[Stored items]

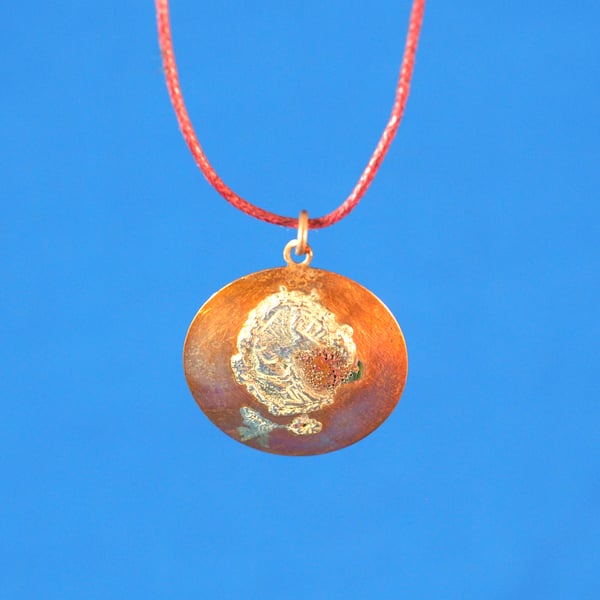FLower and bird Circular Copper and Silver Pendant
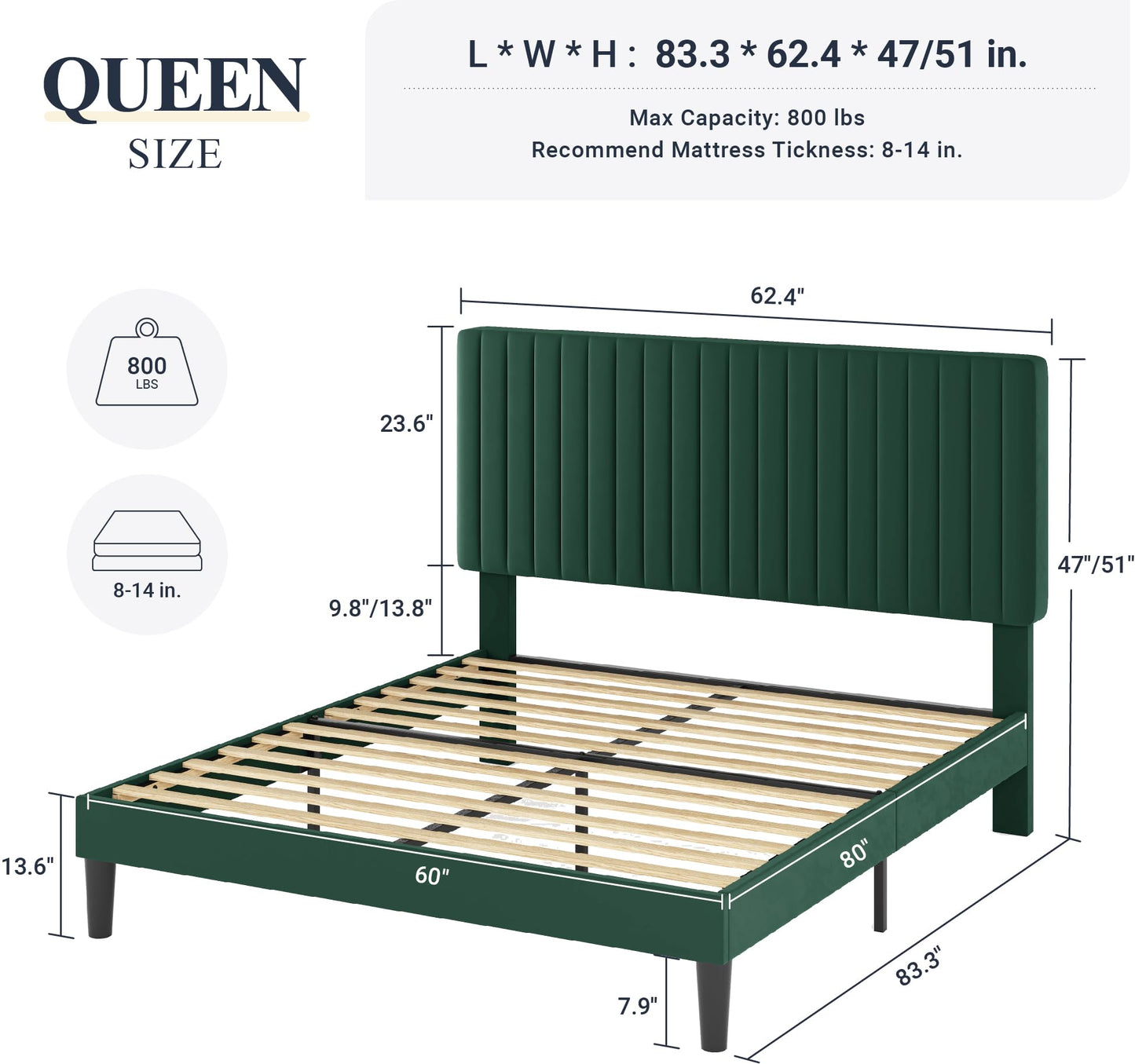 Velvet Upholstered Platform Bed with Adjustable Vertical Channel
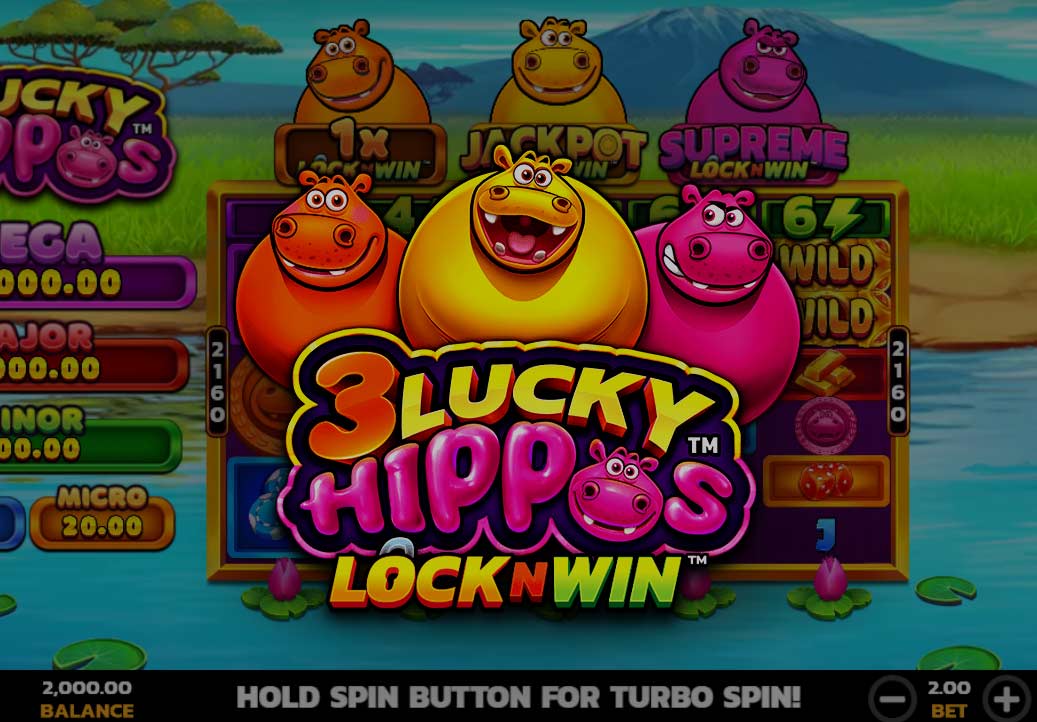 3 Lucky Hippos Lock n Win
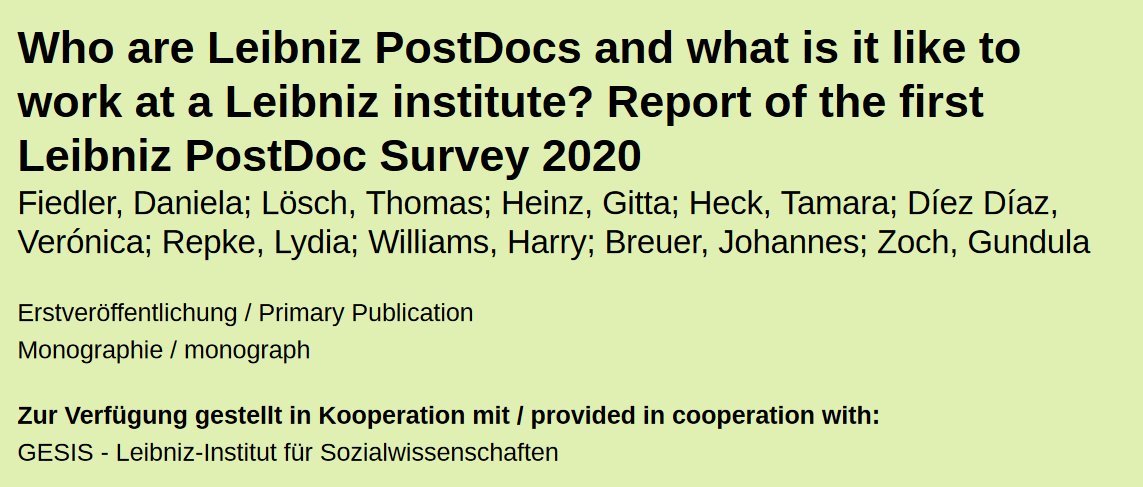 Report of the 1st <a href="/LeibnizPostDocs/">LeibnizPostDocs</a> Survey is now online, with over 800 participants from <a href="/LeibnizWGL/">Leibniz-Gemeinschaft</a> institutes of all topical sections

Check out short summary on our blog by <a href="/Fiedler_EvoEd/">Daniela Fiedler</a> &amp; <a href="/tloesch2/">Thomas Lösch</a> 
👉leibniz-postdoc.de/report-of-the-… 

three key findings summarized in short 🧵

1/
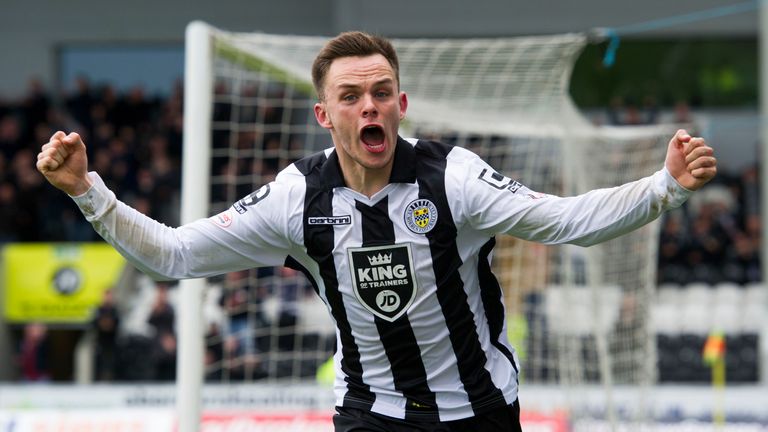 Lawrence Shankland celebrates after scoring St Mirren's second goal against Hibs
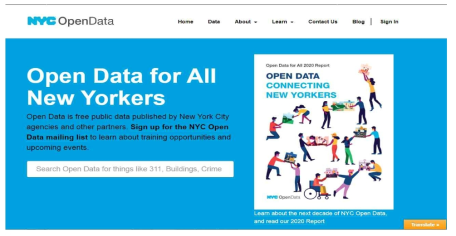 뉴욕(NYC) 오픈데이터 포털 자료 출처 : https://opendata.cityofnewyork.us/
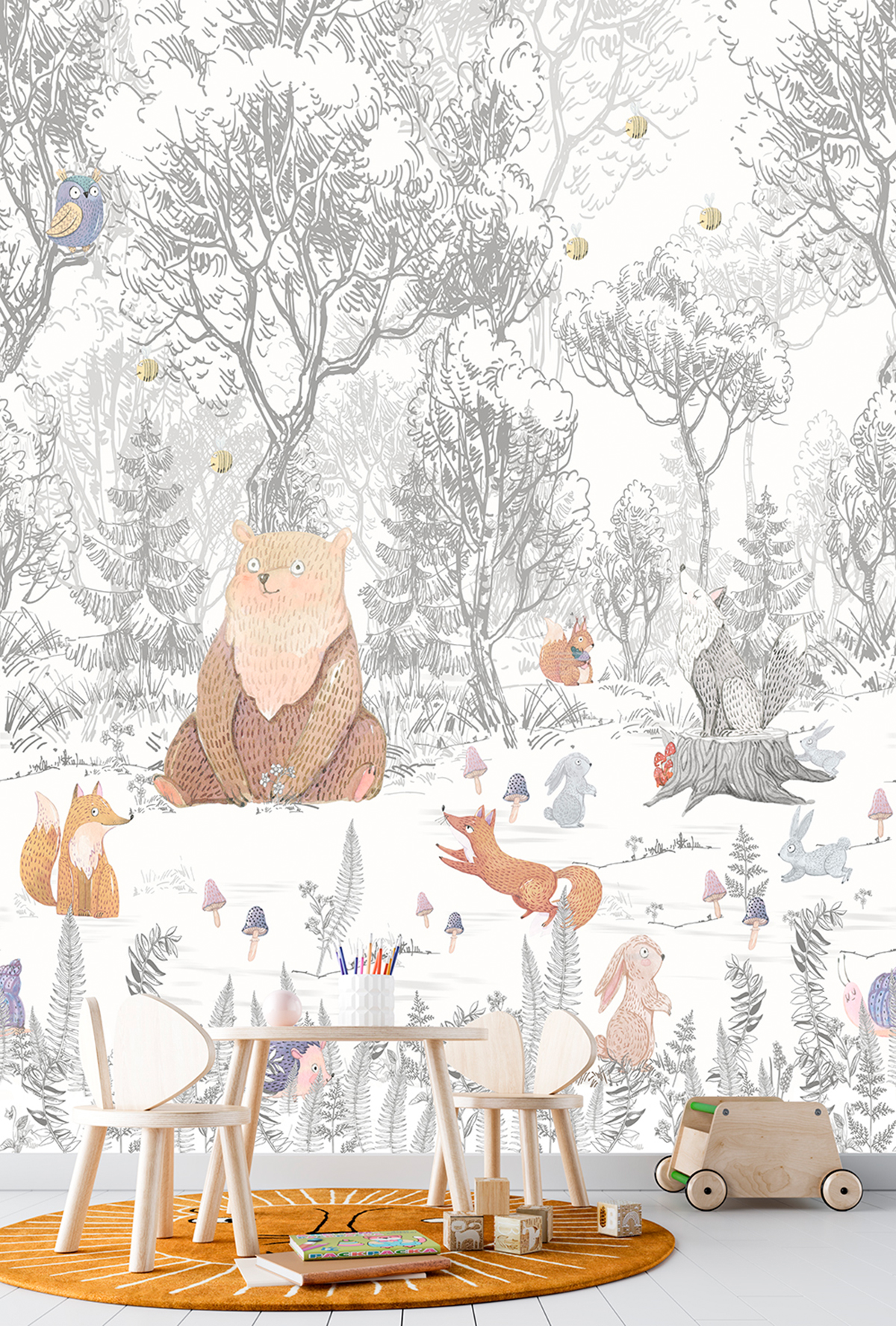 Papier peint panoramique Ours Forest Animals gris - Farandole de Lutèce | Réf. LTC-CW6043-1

* * *

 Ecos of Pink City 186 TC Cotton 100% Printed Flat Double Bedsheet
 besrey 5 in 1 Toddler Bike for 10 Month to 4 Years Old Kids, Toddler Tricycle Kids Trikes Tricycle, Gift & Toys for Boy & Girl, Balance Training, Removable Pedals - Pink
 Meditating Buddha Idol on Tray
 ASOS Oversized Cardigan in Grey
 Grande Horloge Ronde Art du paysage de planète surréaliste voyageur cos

# Task objective
Reproduce the data above exactly, but only the lines from the one showing "Report of the" through the one showing "뉴욕(NYC) 오픈데이터 포털", with both ends kept and the pictures left out.

# Solution to this problem
 Report of the 1st <a href="/LeibnizPostDocs/">LeibnizPostDocs</a> Survey is now online, with over 800 participants from <a href="/LeibnizWGL/">Leibniz-Gemeinschaft</a> institutes of all topical sections

Check out short summary on our blog by <a href="/Fiedler_EvoEd/">Daniela Fiedler</a> &amp; <a href="/tloesch2/">Thomas Lösch</a> 
👉leibniz-postdoc.de/report-of-the-… 

three key findings summarized in short 🧵

1/
 Lawrence Shankland celebrates after scoring St Mirren's second goal against Hibs
 뉴욕(NYC) 오픈데이터 포털 자료 출처 : https://opendata.cityofnewyork.us/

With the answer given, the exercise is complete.